My Lords, I hope that I have dealt fairly and, as I believe, objectively with the Government's general case. I apologise if my speech is longer than I should have wished, but I should like now to give more information about the particular Services, the Royal Navy and the Royal Air Force. My noble friend Lord Chalfont will be dealing with arrangements with regard to the Army, but I am particularly anxious to say something about the Royal Navy, and to give a picture from which I hope noble Lords who are interested—and I think particularly of the noble Lord, Lord Ampthill—will appreciate the really serious consideration that has been given in the determination to create a Royal Navy which will be able to fulfil the role that we seek for it, and that it will have firm roles in the future, markedly stronger and clearer roles than those set out in the 1957 Defence White Paper, which I am sure the noble Lord, Lord Ampthill, will remember with horror.

The first role is to deploy Britain's contribution, by means of the Polaris submarine force, to the stategic nuclear deterrent of the West. Progress with the Polaris programme has been maintained, and two of the four submarines have been launched. The first, the "Resolution", is now undergoing her sea trials, and will become fully operational next year. In passing, I should like to mention that there have been suggestions that our Polaris force is already out of date because of the development of anti-ballistic missile systems. We have, of course, been watching this matter very closely, but we are quite satisfied that the Polaris A3 missiles which we shall be getting will continue to provide an effective contribution to an interdependent Allied deterrent force.

The second role will be to play a leading part in the Western Maritime Alliance. NATO must be prepared to deter aggression at sea, as well as on land and in the air; and the concept of "shield" forces at sea is exactly analogous to that of "shield" forces on land. We are traditionally a maritime Power, and it is entirely appropriate that we should contribute strong naval forces in the Western Atlantic. The efficiency and cohesion of the European NATO naval forces owes much to the initiative and leadership given by the Royal Navy. We are determined to go on playing our part in maintaining the effectiveness of these forces. Thirdly, we plan to rely on the unobtrusive and flexible exercise of maritime power, in which the Royal Marine Commandos in the Amphibious Force will play an important and continuing part; and this is where they make a contribution to peacekeeping operations outside Europe.
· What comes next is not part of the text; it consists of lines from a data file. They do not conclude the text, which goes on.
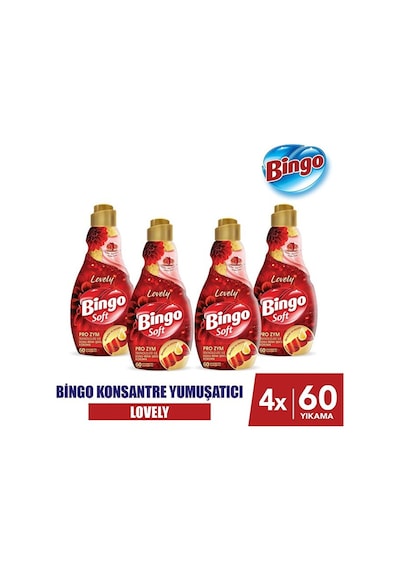 Bingo Soft Konsantre Çamaşır Yumuşatıcısı Lovely 1,44 Lt X 4 Adet 3'lü Set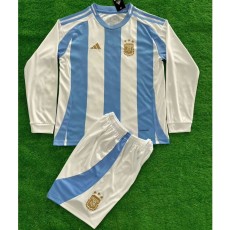 2024 Argentina Home White Fans Long Sleeve Men Sets Soccer jersey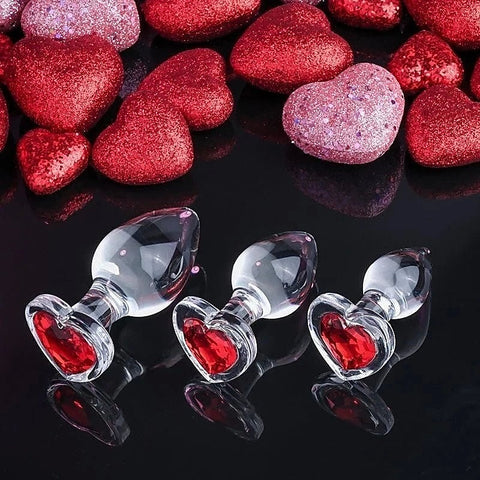Adam and Eve Red Heart Gem Glass Butt Plug Set Clear 3 sizes - Butt Plugs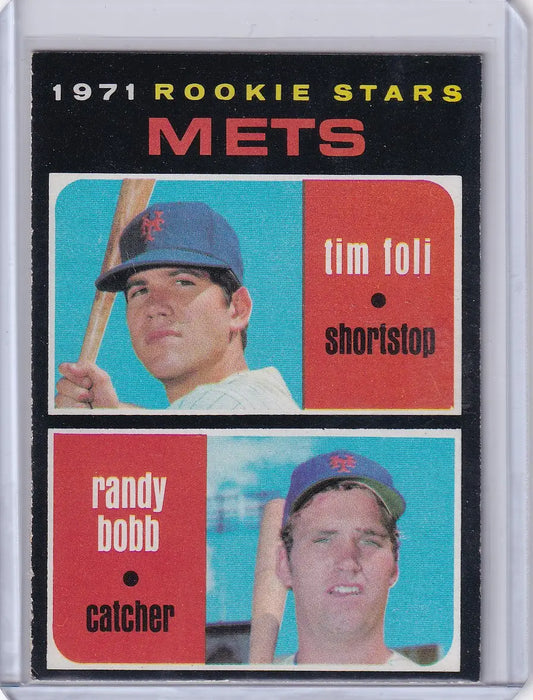 Baseball card of 1971 Topps Baseball #83 Mets Rookies featuring Tim Foli and Randy Bobb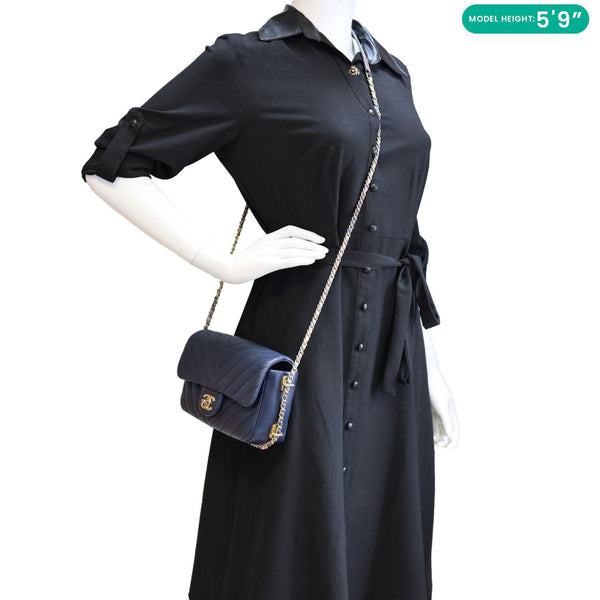 CHANEL Mini Rectangular Flap Chevron Leather Crossbody Bag Navy Blue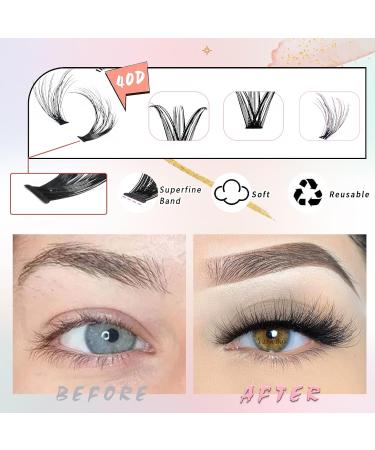 Buy 30D+40D Eyelash Extension Kit - 280PCS Cluster Lashes Bond & Seal Tweezers | DIY Wispy Individual Lashes by Anforlin - Buy Online on GoSupps.com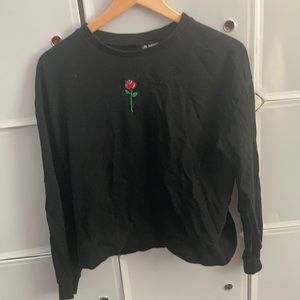 Black Sweatshirt with Red Rose from H&M. Size Med.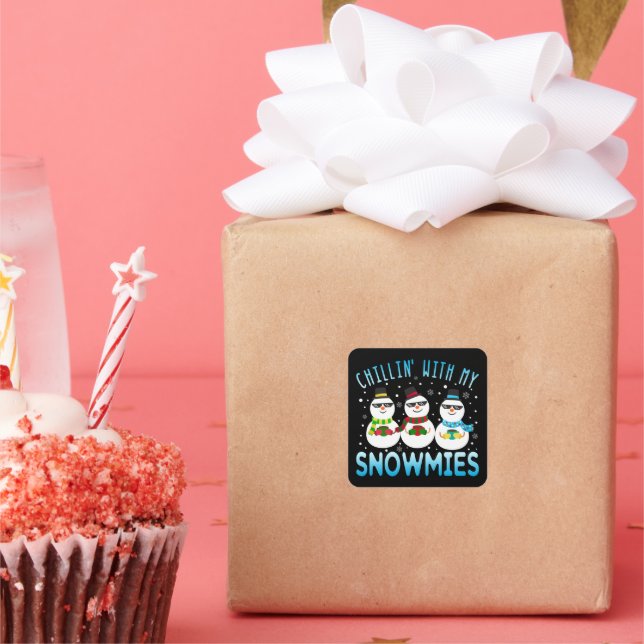 Funny Chillin' With My Snowmies Christmas Square Sticker (Party)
May I say something on future equipment plans? I believe that the roles I have set out are solid ones, but we have to equip the Navy for them. The White Paper outlines our plans for a new class of cruisers which will in the later 1970s take over from the aircraft carriers and the "Tiger" class ships the tasks of Fleet command, aircraft direction and control, and the operation of the Seaking antisubmarine helicopters; a new class of destroyers which will enable us to build up, more rapidly than we could afford to do with the more expensive type 82s, the Navy's medium-range anti-aircraft and anti-missile defence based on the Sea Dart System; and a new class of frigates to follow the Leanders. There is a lot more I could say, and it may be that we shall in the next Session have an opportunity to go into some more detailed discussion on the equipment of the kind we used to have in the past.

Finally, the White Paper makes it clear that the capital ship of the future—and I am sorry if the noble Earl does not like this, because I understand it is very acceptable to the Royal Navy—when the last aircraft carrier phases out, is to be the nuclear-powered Fleet submarine, with its very great capability against both submarines and surface ships. We now have six of these submarines, either in service or on order; and a seventh will be ordered later this year. The seventh and later submarines will be very much improved versions of the "Valiant" class, with which the noble Earl is familiar, and they will have a higher speed, will dive deeper, and be very much quieter in operation. We are also studying—and I think this goes some way to answer the noble Earl—new submarine-launched anti-surface ship weapons in order to develop still further the potential of our Fleet submarines. It is too early to say what form these will take. Among the possibilities, however, are an air-flight missile of the type which the U.S. Navy have already developed for use against submarines, and fast-running torpedoes.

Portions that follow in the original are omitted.